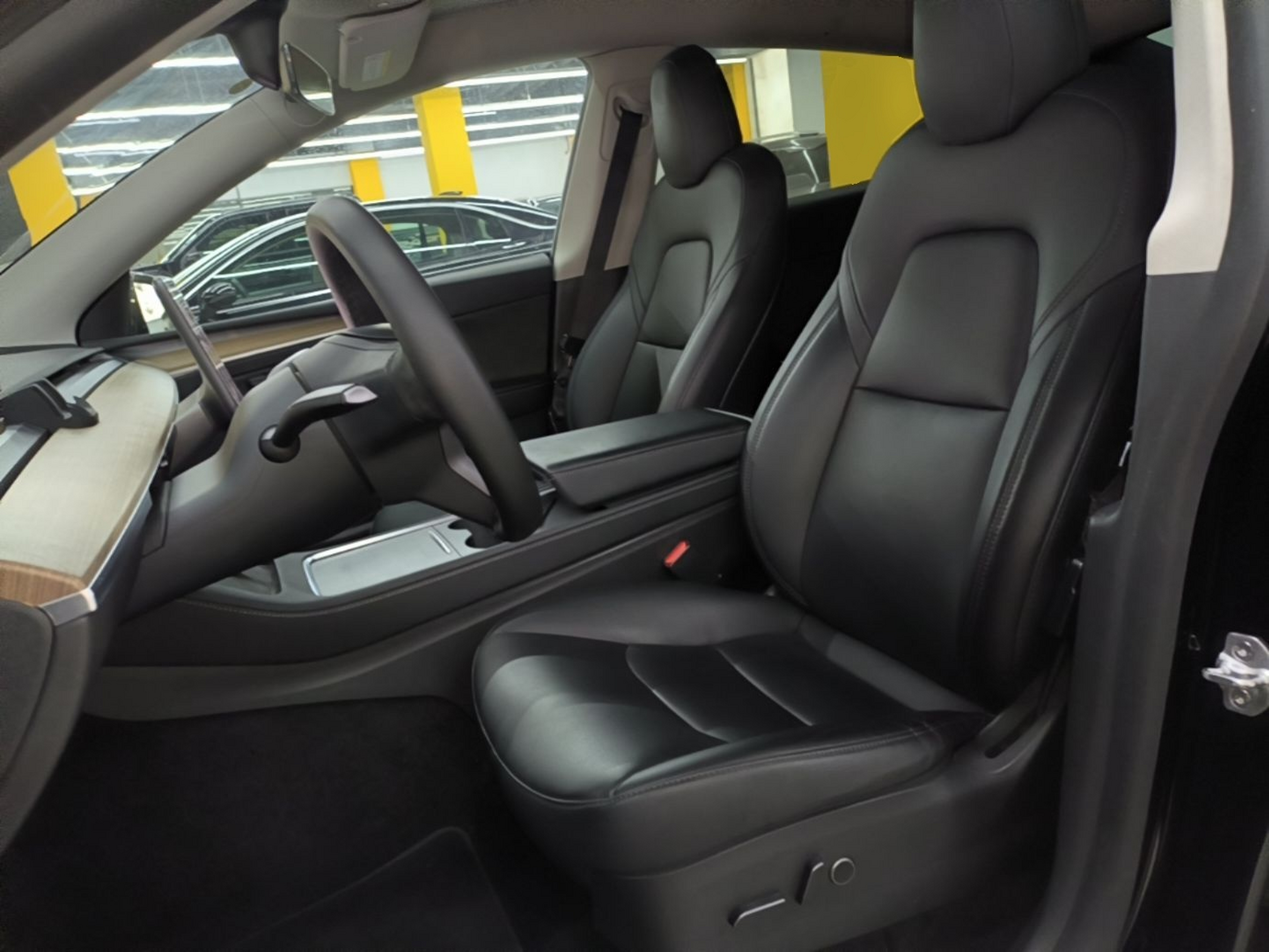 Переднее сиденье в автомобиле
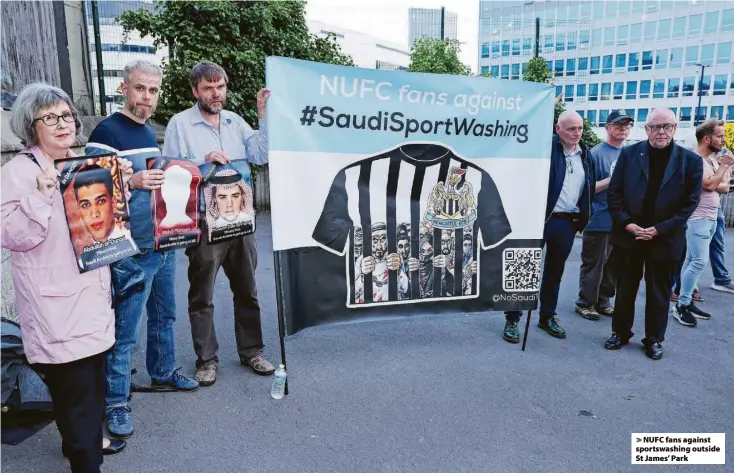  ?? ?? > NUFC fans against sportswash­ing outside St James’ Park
• • • • •
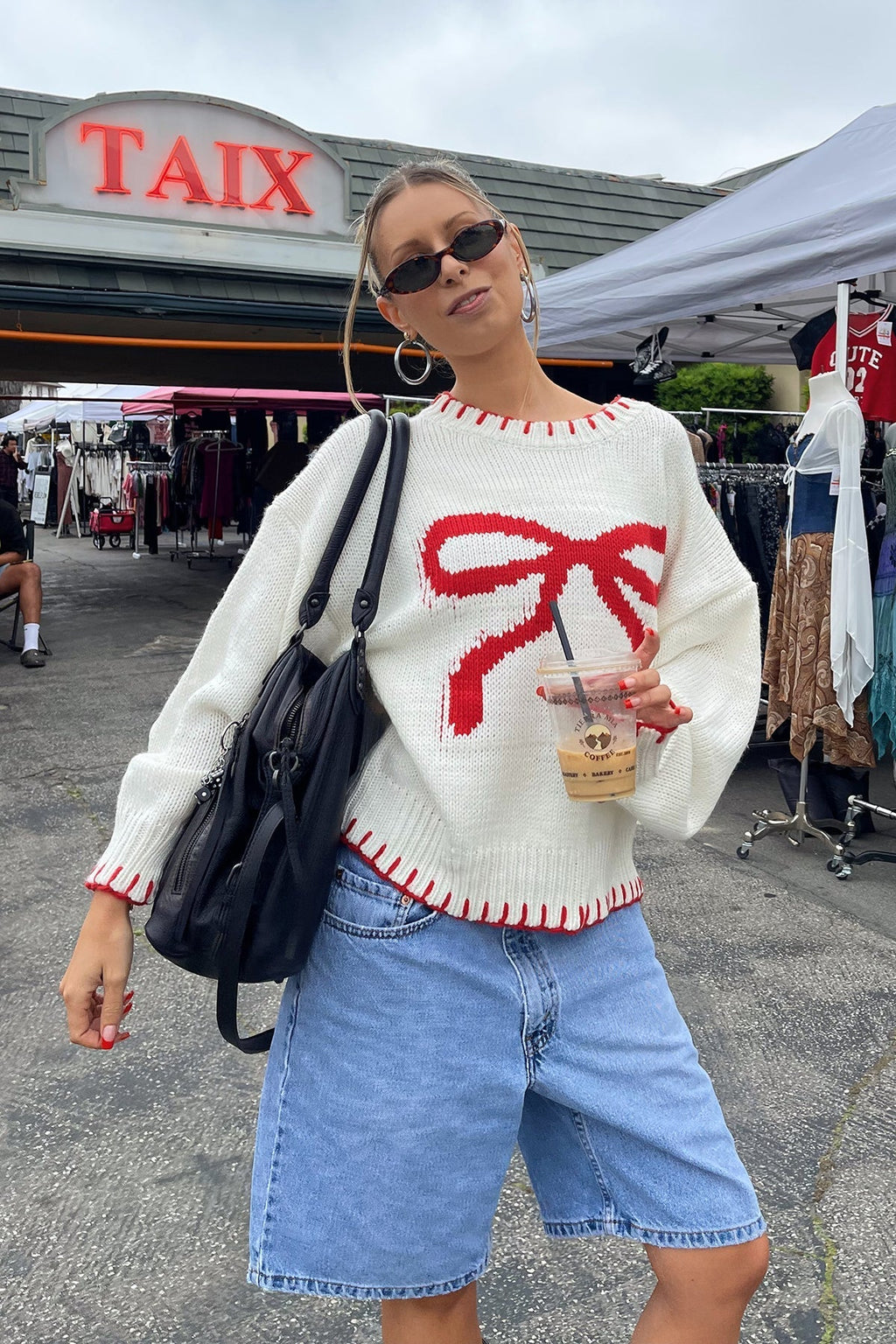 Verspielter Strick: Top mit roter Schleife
• • • • •
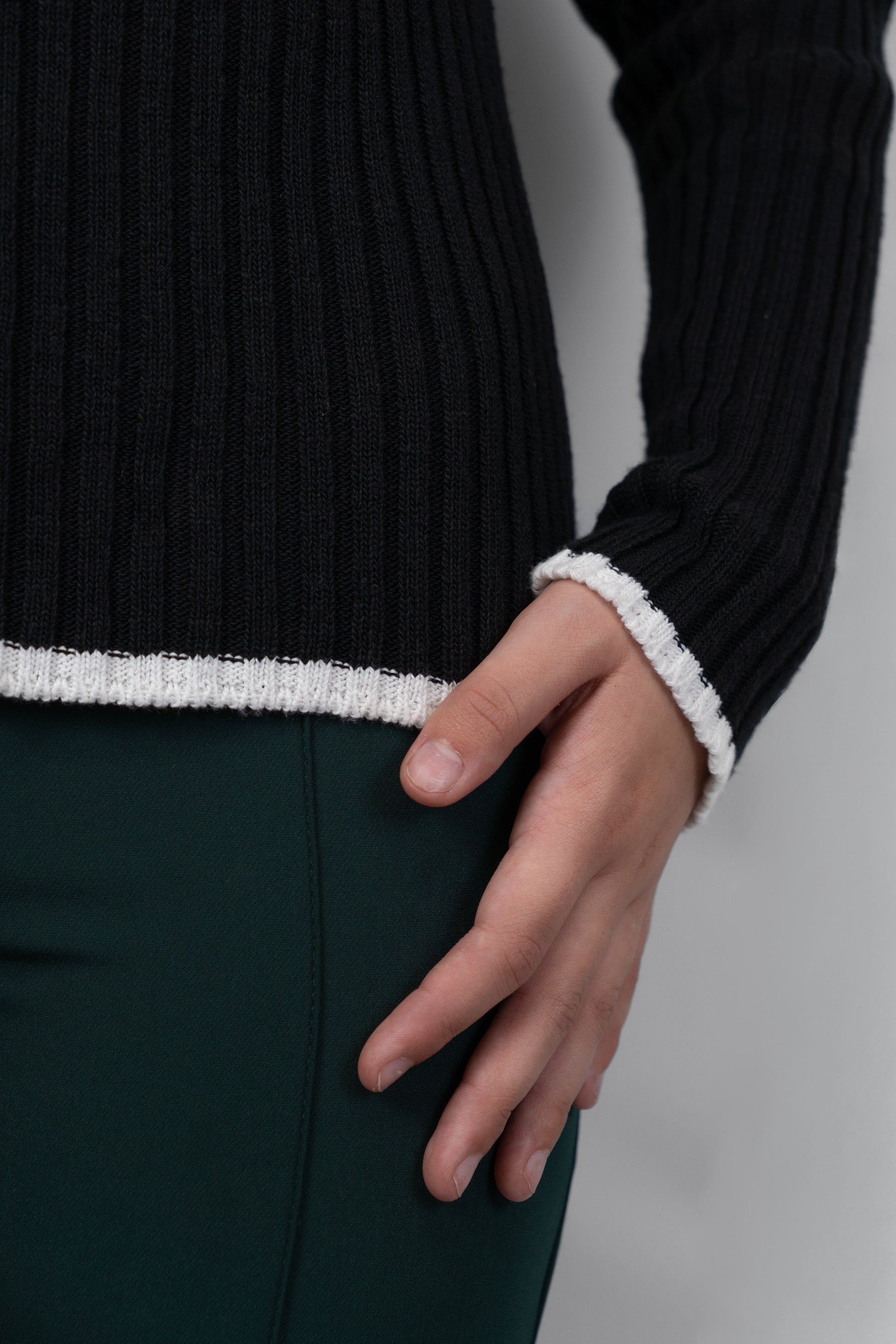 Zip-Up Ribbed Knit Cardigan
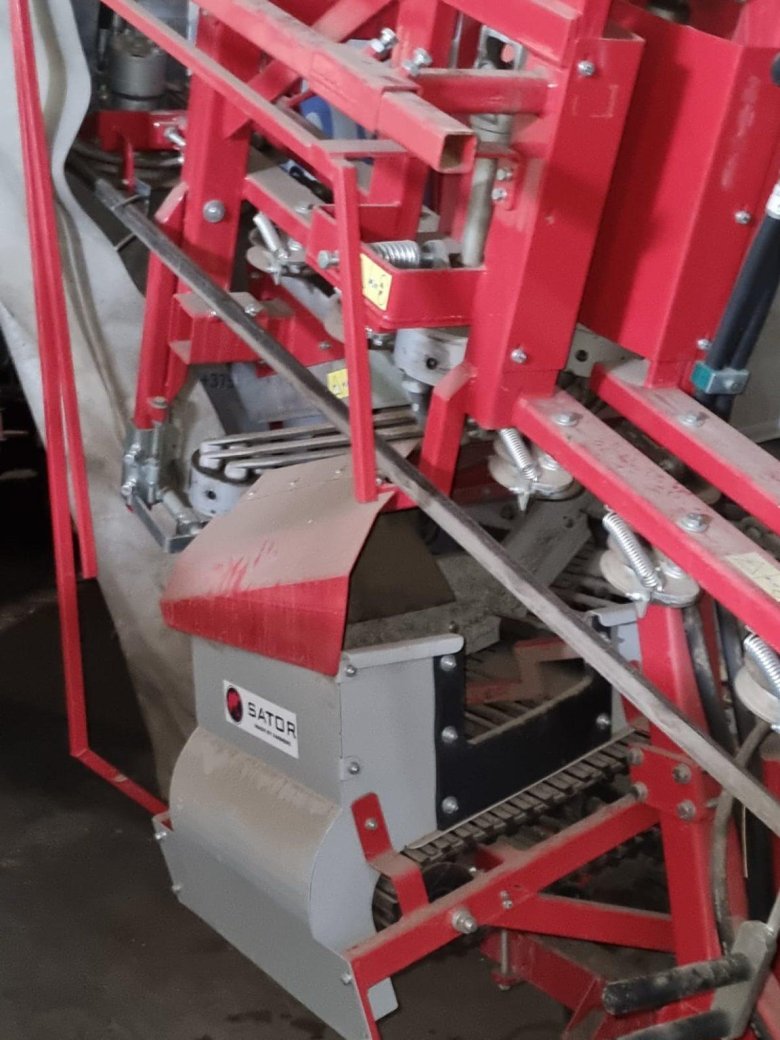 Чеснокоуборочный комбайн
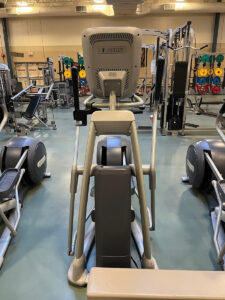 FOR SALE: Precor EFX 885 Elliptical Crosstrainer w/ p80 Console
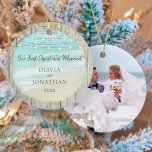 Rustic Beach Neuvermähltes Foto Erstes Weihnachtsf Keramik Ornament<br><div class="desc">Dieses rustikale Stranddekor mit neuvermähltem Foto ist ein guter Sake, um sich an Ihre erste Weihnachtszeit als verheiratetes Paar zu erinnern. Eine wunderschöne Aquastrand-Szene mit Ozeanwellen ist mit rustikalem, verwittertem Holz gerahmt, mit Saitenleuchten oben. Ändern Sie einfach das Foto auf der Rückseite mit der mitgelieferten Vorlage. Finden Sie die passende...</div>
• • • • •
*DIRECTIONS FOR THIS TASK*
Without the pictures, set down the lines above from the line with "Переднее сиденье в автомобиле" up to and including the line with "St James’ Park" exactly as they stand.

*RESULT*
 Переднее сиденье в автомобиле
  ?? ?? > NUFC fans against sportswash­ing outside St James’ Park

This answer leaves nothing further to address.